Les invasions, dont le flot jetait sans cesse sur les Gaules de nouveaux barbares, les dissensions intestines, rien n'avait ralenti l'œuvre du prosélytisme. A la fin du sixième siècle et au commencement du septième, l'Irlande, qui avait reçu par des apôtres grecs les lumières de l'Évangile, répandit de nombreux missionnaires dans le Nord et le Midi. On cite, dans le nombre, saint Miniford ou Milleford, évêque régionnaire d'Hybeinie ; saints Condède, Caidoc et Fricor, et surtout saint Colomban, le plus célèbre de tous ces missionnaires, qui, d'abord moine de Bancor en Irlande, fonda dans les Vosges, en 590, le célèbre monastère de Luxeuil.

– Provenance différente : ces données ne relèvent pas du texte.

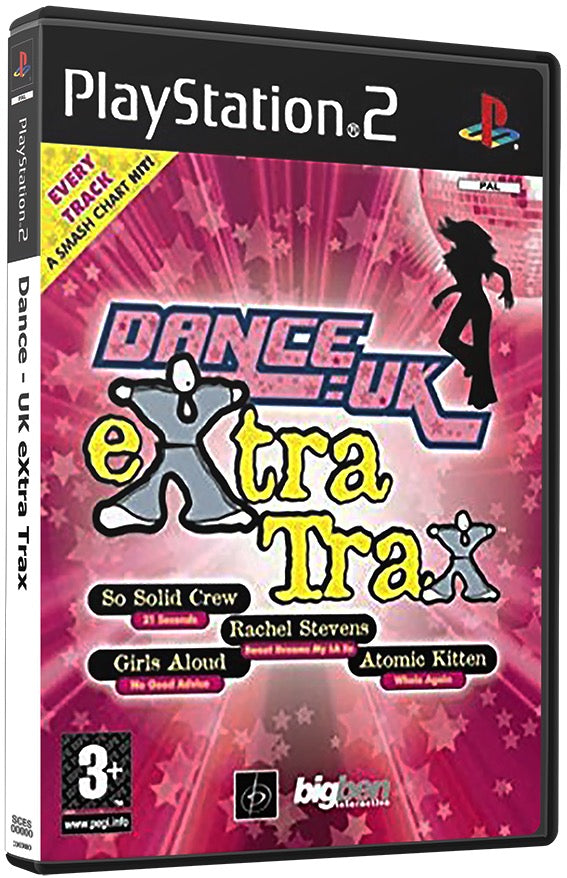 Dance - UK eXtra Trax PS2 Sony Playstation 2 Used Video Game PS2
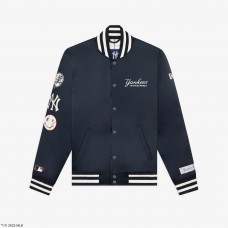 New York Yankees New York or Nowhere x New Era Navy Full-Snap Jacket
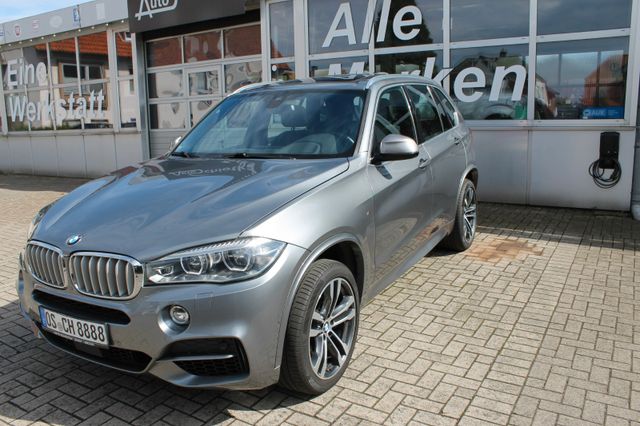 BMW X5 M50 M50d - Panorama-Standheizung-AHK-NAVI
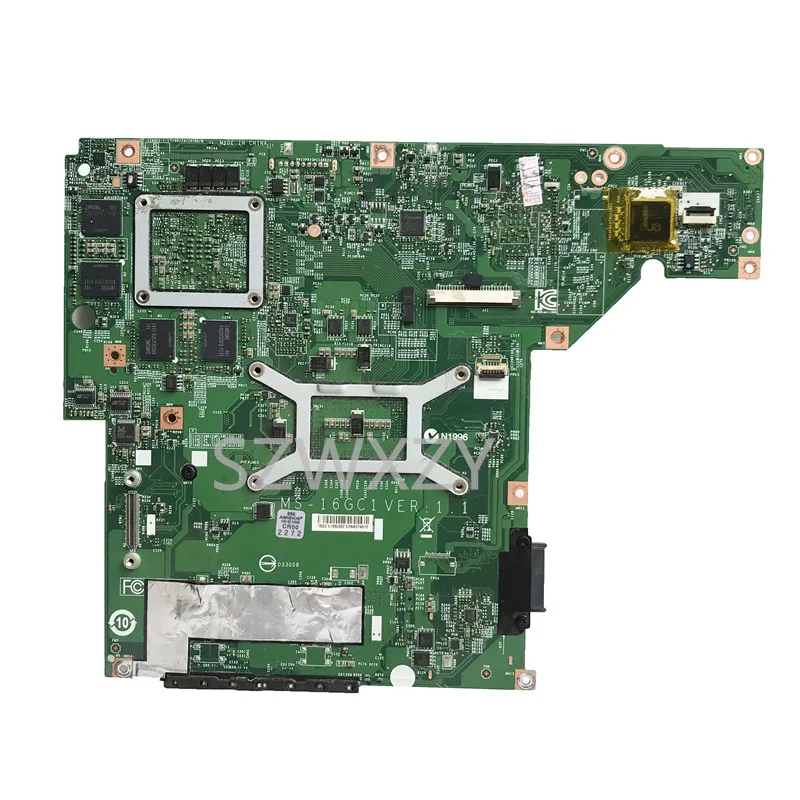 Для материнской платы MSI GE60 MS-16GC1 VER: 1,0 MS-16GC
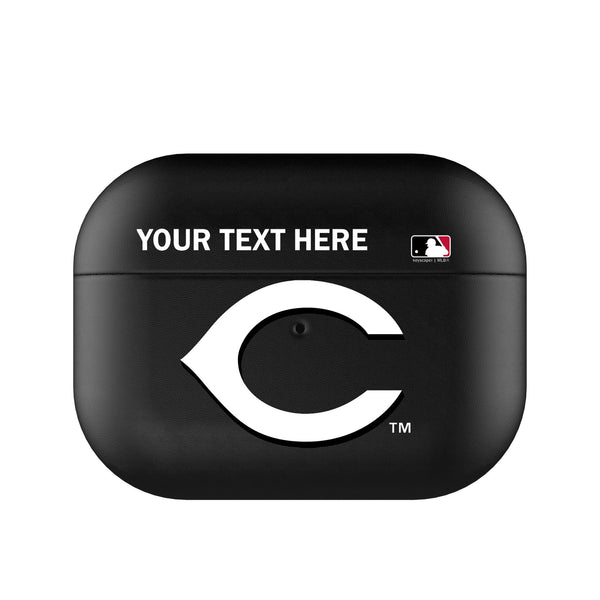 Cincinnati Reds Personalized Insignia AirPods AirPod Case Cover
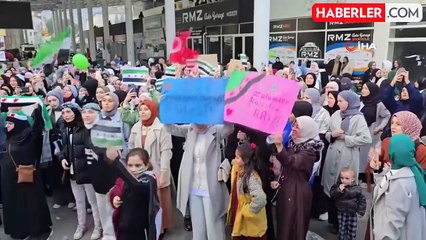 Karabük'teki Suriyeliler Esad Rejiminin Çöküşünü Kutladı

Il nous reste, de saint Colomban, seize homélies, empreintes d'une grande exaltation mystique et qui présentent cela de particulier, que leur titre forme à lui seul une maxime de piété : Il faut travailler dans la vie présente pour se reposer dans la vie future (IV). — La vie est semblable à une ombre (VI). — La vie n'est pas la vie, mais la voie (V). — Ô vie fragile, s'écrie dans cette dernière homélie le missionnaire irlandais, non, tu n'es pas la vie, mais la voie !... Que d'hommes n'as-tu pas séduits, aveuglés, trompés ! Douce aux insensés, amère aux sages, ceux qui t'aiment ne te connaissent pas, et ceux qui te connaissent te méprisent. Tu es la voie, mais tu n'es pas la vie ; tu pars du péché et tu arrives à la mort ; tu es la voie qui peut mener à la vie, mais tu n'es pas la vie : voie aride, longue pour les uns, courte pour les autres, étroite, riante, sombre, mais pour tous également rapide. Tu es la voie, tu es la voie, mais beaucoup passent sans demander où tu conduis... La vie humaine est à craindre, et, semée de périls, elle passe comme un oiseau, comme une ombre, comme une image, comme rien. — Nous qui aimons ô Dieu et les choses éternelles, dit encore saint Colomban dans l'homélie sixième, fuyons donc cette vie qui nous fuit elle-même. Mourir aujourd'hui ou demain, qu'importe ! Puisque rien ne dure avant la mort, hâtons-nous vers la mort, pour voir derrière elle l'immortelle vérité. Partout, dans les discours de saint Colomban, règne la même fougue, le même désordre, la même tristesse. L'orateur arrête complaisamment sa pensée sur les peines de l'autre vie ; il agit déjà sur les âmes par la terreur, et s'isole ainsi de tous les prédicateurs des mêmes temps, qui agissent avant tout par la miséricorde et l'amour. Saint Césaire montrait le ciel à ses auditeurs, saint Colomban leur montre l'enfer et le néant de la vie : Homme créé de la terre, dit-il avec cette rapidité de mots qui forme l'un des caractères de son talent, tu foules la terre, tu retourneras dans la terre, tu ressortiras de la terre, tu seras éprouvé par le feu, tu seras jugé. Songe à la mort ; vois où s'en est allée la joie des riches : plaisir, luxure, passions, tout à fait silence. Le cadavre nu est retourné dans la terre pour les vers et la pourriture, et l'âme est rendue aux peines éternelles. Quoi de plus digne de larmes, quoi de plus misérable que cette misère ?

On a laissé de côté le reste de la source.